Some lines in the records below may hold the word "Home"; give the number of those lines and nothing else.

## Data records
********

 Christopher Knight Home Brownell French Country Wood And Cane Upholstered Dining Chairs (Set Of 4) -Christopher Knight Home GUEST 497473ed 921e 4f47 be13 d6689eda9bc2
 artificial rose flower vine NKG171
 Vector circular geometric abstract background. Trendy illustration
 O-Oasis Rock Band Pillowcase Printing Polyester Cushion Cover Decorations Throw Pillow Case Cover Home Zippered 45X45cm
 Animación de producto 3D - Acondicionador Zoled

********

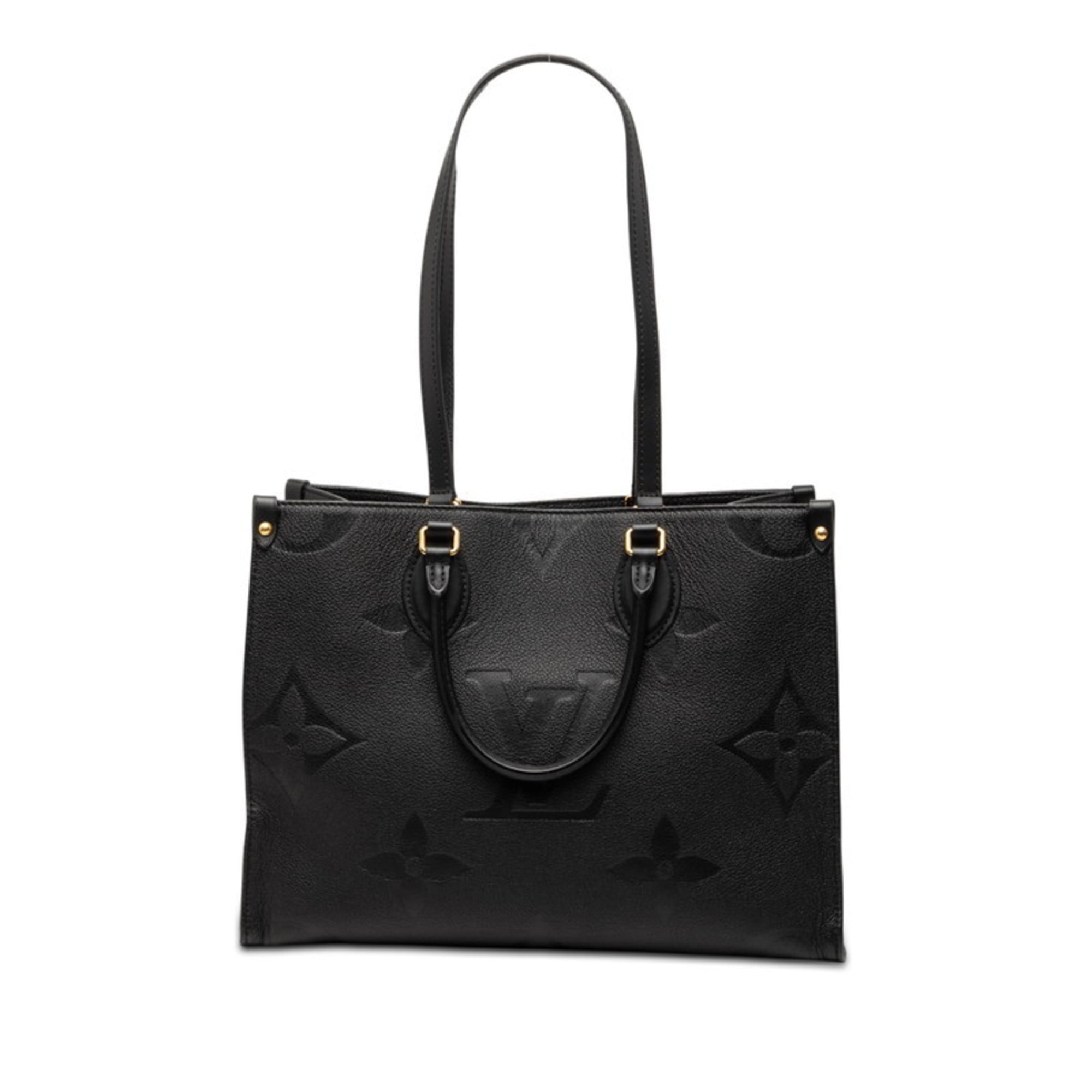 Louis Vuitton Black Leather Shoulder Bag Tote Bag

********

## Written answer
2